On Friday 04 March 2011 12:25, Andrew C wrote:
It isn't merely "not n00b friendly". It's n00b-hostile. Many such users,
probably most of them, literally think command prompts are error messages,
that they did something wrong to be presented with a featureless black
rectangle that does nothing when you click it.
You can say they just need education, but the thought processes involved in
choosing something from a menu of options versus actively deciding what to
type into an otherwise blank window are completely different, actually
using different parts of the brain. I prefer the command line for most
administrative tasks, but I haven't been either a n00b or a normal user
since about 1983, and I'd guess few if any on this list are. Even then, I
remember wishing for a couple of months that I'd gotten more console games
instead of a computer, because the learning curve was a bitch.
I've set up family members with Linux (Mandrake/Mandriva, and then Ubuntu)

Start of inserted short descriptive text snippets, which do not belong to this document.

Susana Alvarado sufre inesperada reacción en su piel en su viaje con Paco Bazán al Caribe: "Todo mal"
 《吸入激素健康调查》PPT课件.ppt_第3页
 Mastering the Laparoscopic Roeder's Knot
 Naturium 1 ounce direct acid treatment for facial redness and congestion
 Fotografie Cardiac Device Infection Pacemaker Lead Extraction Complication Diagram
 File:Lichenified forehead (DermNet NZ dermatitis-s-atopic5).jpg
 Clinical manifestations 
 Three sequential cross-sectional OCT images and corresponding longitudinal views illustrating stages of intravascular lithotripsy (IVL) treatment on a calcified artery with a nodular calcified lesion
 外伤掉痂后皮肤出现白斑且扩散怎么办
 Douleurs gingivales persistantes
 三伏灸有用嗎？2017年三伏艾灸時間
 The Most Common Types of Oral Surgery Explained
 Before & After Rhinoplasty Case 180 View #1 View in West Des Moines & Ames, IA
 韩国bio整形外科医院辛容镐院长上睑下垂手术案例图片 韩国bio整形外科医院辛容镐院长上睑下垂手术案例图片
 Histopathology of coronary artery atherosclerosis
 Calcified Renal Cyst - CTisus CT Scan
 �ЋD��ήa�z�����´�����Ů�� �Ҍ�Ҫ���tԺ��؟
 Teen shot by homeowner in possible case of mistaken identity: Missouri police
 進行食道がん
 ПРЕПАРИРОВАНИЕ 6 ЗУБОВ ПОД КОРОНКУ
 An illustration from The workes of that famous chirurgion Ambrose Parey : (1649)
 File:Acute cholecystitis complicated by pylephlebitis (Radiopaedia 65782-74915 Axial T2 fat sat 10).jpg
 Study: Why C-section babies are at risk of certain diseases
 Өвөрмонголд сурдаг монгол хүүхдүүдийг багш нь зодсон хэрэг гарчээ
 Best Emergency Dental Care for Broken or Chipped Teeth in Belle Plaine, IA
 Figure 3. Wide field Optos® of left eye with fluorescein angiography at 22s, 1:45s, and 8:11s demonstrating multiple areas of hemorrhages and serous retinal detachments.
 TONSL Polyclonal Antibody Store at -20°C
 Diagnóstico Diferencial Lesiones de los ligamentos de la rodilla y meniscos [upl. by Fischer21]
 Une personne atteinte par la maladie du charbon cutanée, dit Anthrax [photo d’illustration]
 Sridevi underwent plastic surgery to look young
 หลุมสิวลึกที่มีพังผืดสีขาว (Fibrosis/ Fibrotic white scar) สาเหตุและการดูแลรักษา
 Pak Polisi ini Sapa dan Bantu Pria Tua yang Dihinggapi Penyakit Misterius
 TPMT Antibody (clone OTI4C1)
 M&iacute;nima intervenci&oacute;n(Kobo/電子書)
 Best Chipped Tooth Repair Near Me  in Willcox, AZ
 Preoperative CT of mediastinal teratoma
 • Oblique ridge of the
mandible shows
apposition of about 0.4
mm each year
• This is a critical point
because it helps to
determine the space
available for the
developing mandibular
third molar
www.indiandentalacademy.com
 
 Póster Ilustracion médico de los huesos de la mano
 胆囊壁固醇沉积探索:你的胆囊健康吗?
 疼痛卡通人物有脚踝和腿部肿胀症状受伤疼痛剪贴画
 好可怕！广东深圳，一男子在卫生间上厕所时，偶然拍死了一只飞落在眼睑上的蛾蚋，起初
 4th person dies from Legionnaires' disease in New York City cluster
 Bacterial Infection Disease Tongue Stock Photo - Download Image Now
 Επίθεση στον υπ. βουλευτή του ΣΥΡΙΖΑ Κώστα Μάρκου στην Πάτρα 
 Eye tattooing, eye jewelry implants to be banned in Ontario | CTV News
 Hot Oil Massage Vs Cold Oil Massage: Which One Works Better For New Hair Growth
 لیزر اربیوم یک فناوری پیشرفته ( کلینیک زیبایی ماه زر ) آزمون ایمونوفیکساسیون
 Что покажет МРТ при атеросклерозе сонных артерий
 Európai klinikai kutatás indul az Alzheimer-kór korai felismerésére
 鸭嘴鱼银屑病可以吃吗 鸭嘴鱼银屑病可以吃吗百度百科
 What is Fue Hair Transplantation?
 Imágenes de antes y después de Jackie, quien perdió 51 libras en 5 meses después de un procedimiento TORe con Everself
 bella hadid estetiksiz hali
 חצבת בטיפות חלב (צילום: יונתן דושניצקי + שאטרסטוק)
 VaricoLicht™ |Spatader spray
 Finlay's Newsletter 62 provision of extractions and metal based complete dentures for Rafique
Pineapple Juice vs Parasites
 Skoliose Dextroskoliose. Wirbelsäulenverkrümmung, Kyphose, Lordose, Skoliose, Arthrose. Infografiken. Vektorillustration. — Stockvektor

without them ever running a terminal app or typing anything but emails. I
carefully chose which hardware I recommended to them based on how well it
played with Linux, and made sure they were no more than two clicks away
from anything they wanted to do. I stopped bothering with doing that
several years ago, not because of the command line, but because my family
lives hours away from me, and whenever they'd seek help from closer
relatives because they didn't realize I could ssh into their systems and do
what they needed done remotely, they'd end up with a pirated XP install and
the next thing they'd be asking me was "Do I have a virus?"
Advocating Linux audio to new, non-technical users (not people who
live with you and therefore can get the benefit of your constant
tweaking to fake a seamless experience, but people whose machines are
outside of your control) isn't served by assertions like "it's not worse,
it's just different". What would help would be flawless hardware
detection, automatic system configuration, and everything needed to make
music already running in the background when the user decides to get to
work by making a selection from a menu or clicking an icon on the desktop.
Even then, getting their computers to boot from a USB key or CD/DVD will
likely involve more technical ability than most of them possess. I'm more
optimistic about people buying Android phones than about the chances of
getting them to run Linux on anything else. Many people involved in Linux
audio seem to think it's a feature to have a separate low-latency kernel,
or that the user has to launch an audio server and manually set up
connections before running most audio applications. Far be it from me to
argue with that... or to ever recommend such a setup to someone who just
wants to record some professional-sounding music.
Given all that, making statements like "the command line isn't n00b
friendly" amount to little more than a state of denial, and it's not
helpful. Not only has the user interface world moved on, but it moved on
about 25 years ago.
And this applies to creative users and multimedia applications about ten
times more than it does to general computing tasks.